Transcribe, word for word, only the lines from the one containing "Bride Chelsea gets" through the end of the material below. Pictures stay out.

> _PROVIDED MATERIAL_:
--- START ---

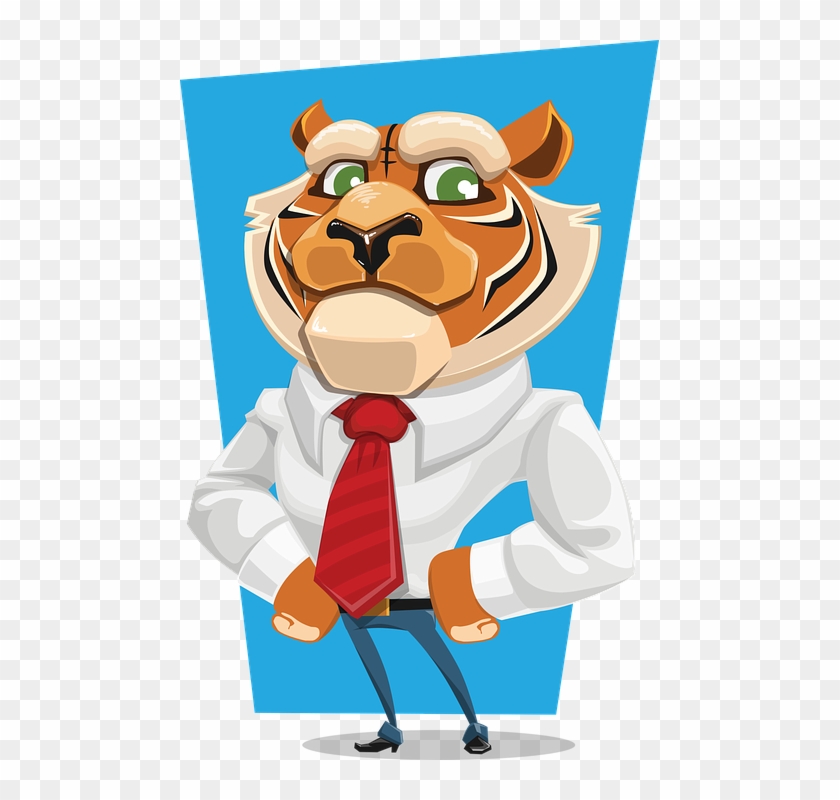 Wonder Woman Clipart 25, Buy Clip Art - Tiger In Business Suit #652554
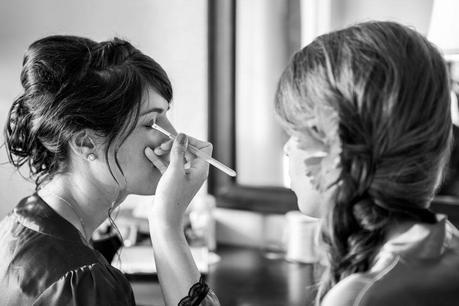 Bride Chelsea gets pampered before the big ceremony. Destination Wedding: Antigua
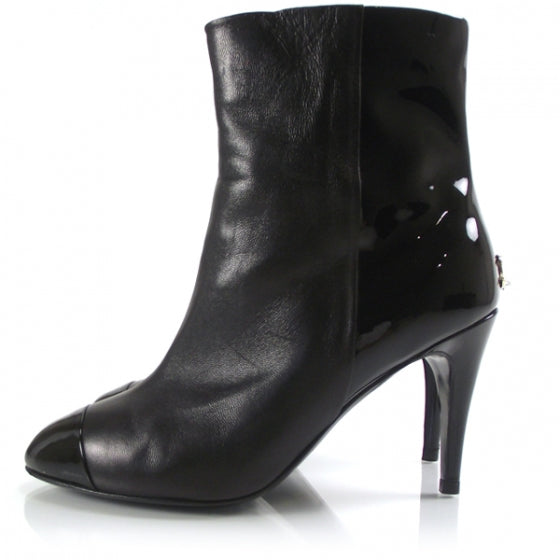 Patent Leather CC Boots 36.5 Black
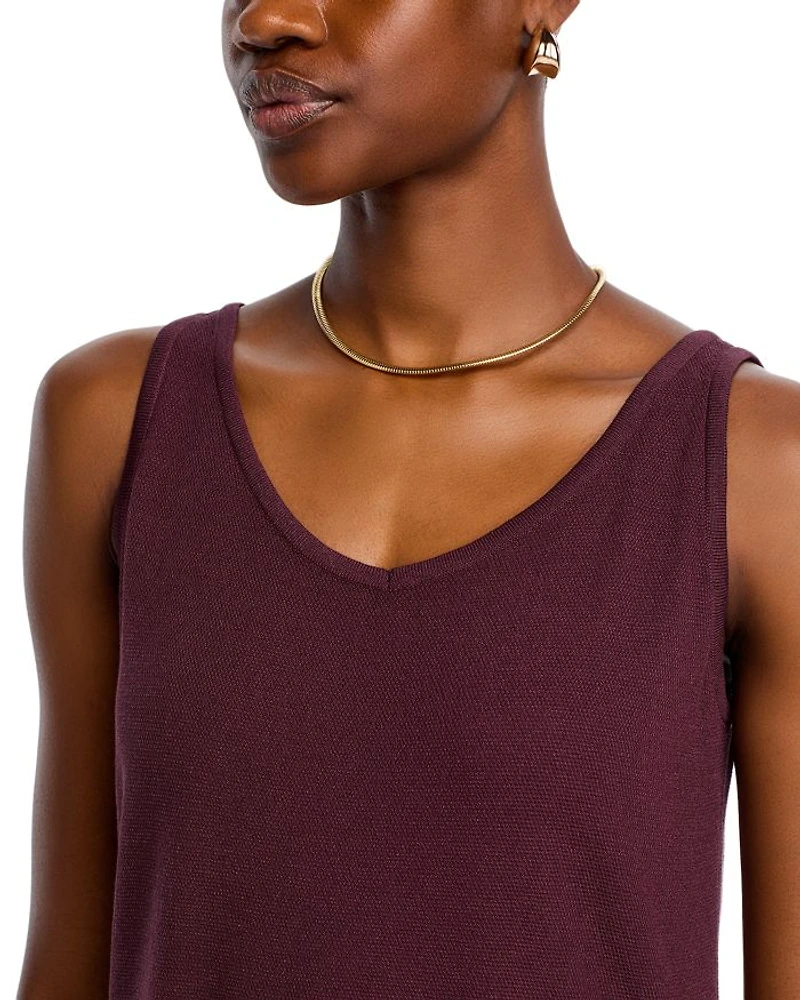 V Neck Soft Knit Tank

--- END ---

> _RESULT OF THE EXERCISE_:
 Bride Chelsea gets pampered before the big ceremony. Destination Wedding: Antigua
 Patent Leather CC Boots 36.5 Black
 V Neck Soft Knit Tank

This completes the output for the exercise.